● Instructions to follow:
Take the lines below from the one with "MixUp White controls on Android" through the one with "TaZa Outdoor Wine" and print only them, exactly. Don't print the pictures.

● Record extracts:
◆ ◆ ◆ ◆
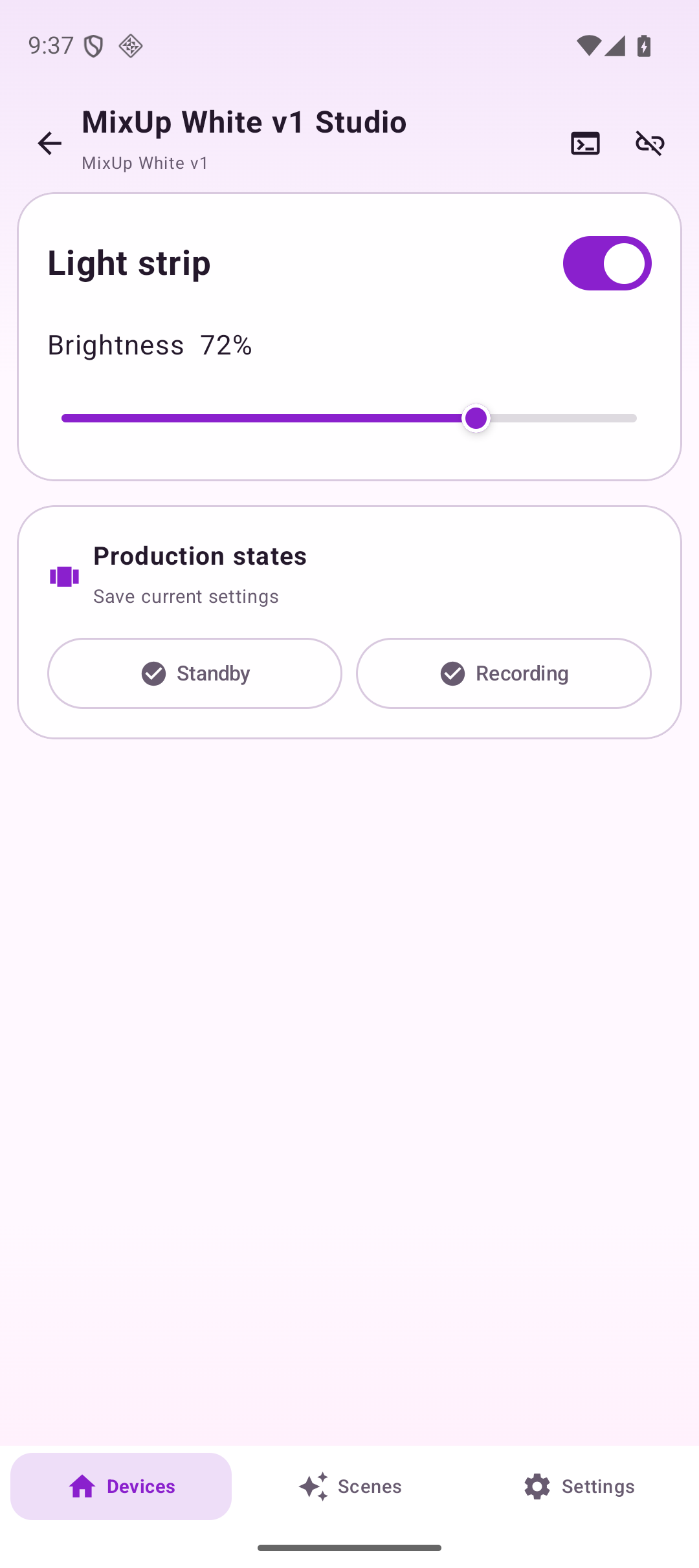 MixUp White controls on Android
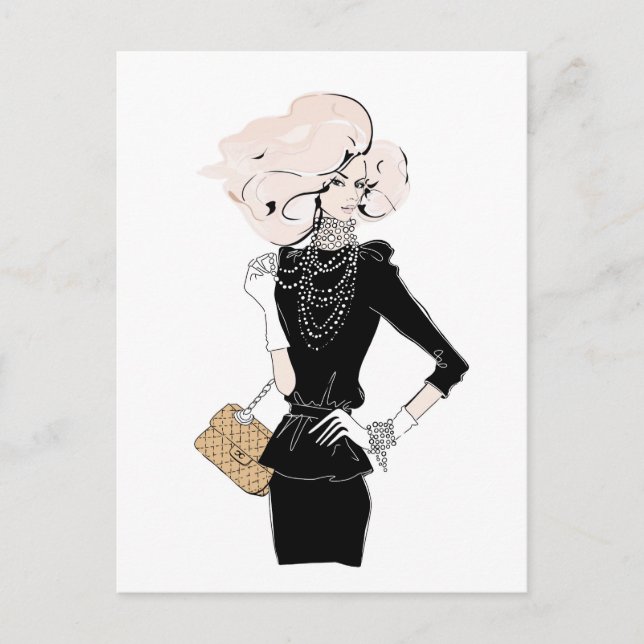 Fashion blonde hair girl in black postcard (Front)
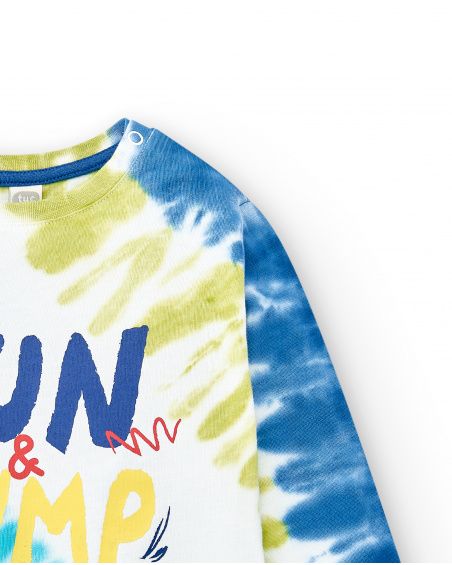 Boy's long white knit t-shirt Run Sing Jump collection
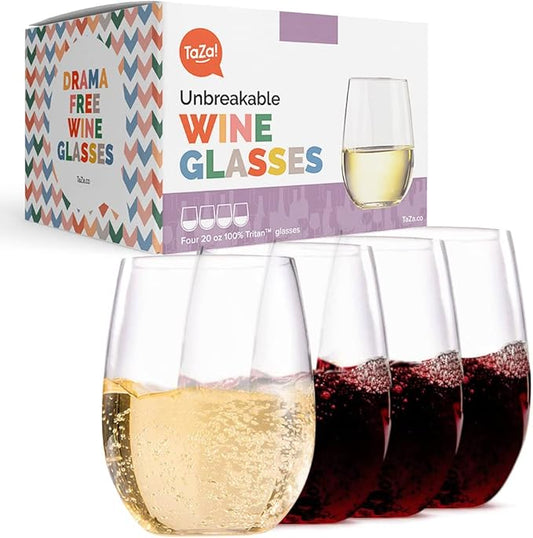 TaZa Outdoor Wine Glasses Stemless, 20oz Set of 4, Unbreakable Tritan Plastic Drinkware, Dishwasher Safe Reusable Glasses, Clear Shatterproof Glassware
◆ ◆ ◆ ◆
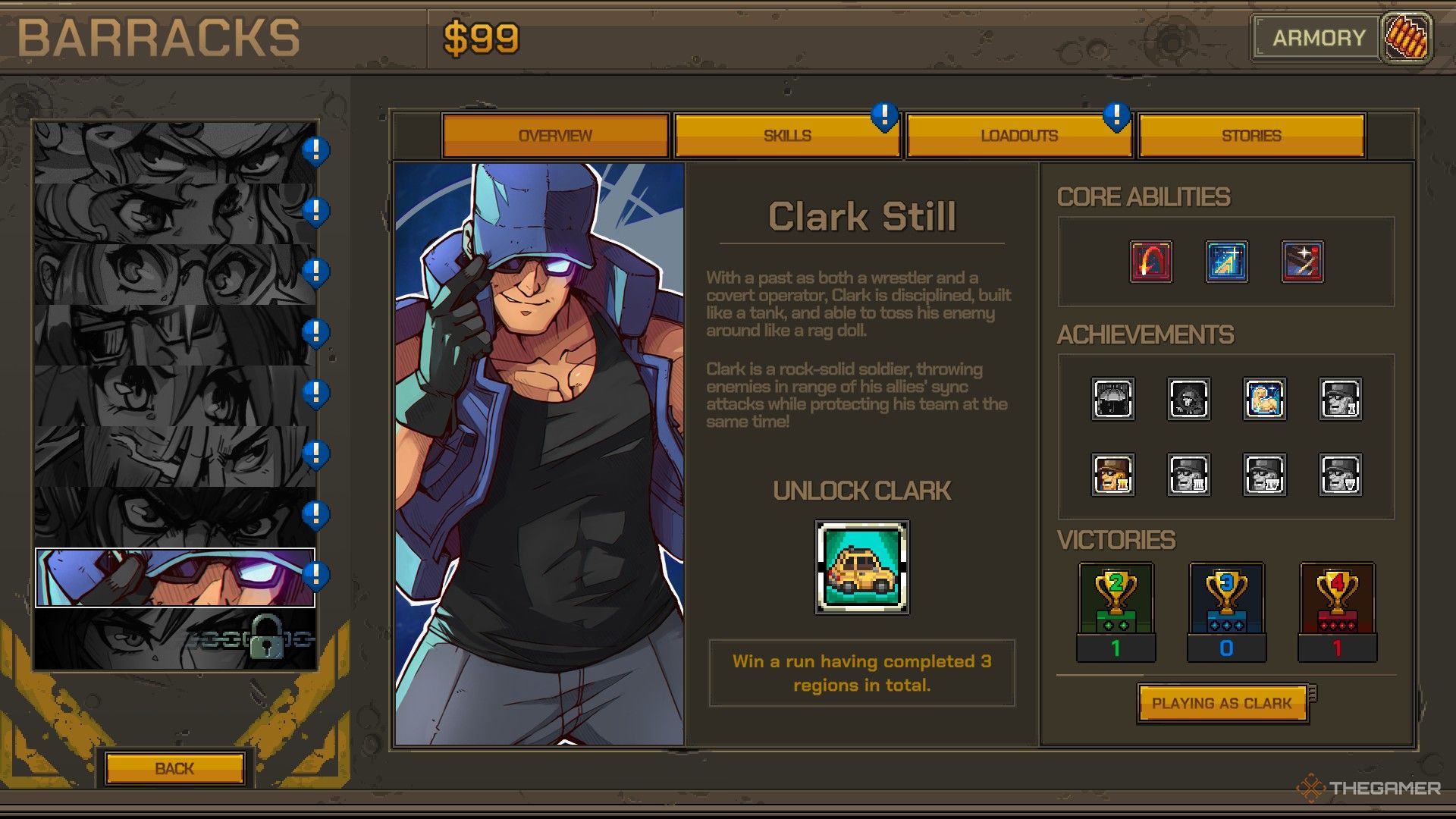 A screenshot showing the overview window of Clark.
◆ ◆ ◆ ◆
● Output of the task:
 MixUp White controls on Android
 Fashion blonde hair girl in black postcard (Front)
 Boy's long white knit t-shirt Run Sing Jump collection
 TaZa Outdoor Wine Glasses Stemless, 20oz Set of 4, Unbreakable Tritan Plastic Drinkware, Dishwasher Safe Reusable Glasses, Clear Shatterproof Glassware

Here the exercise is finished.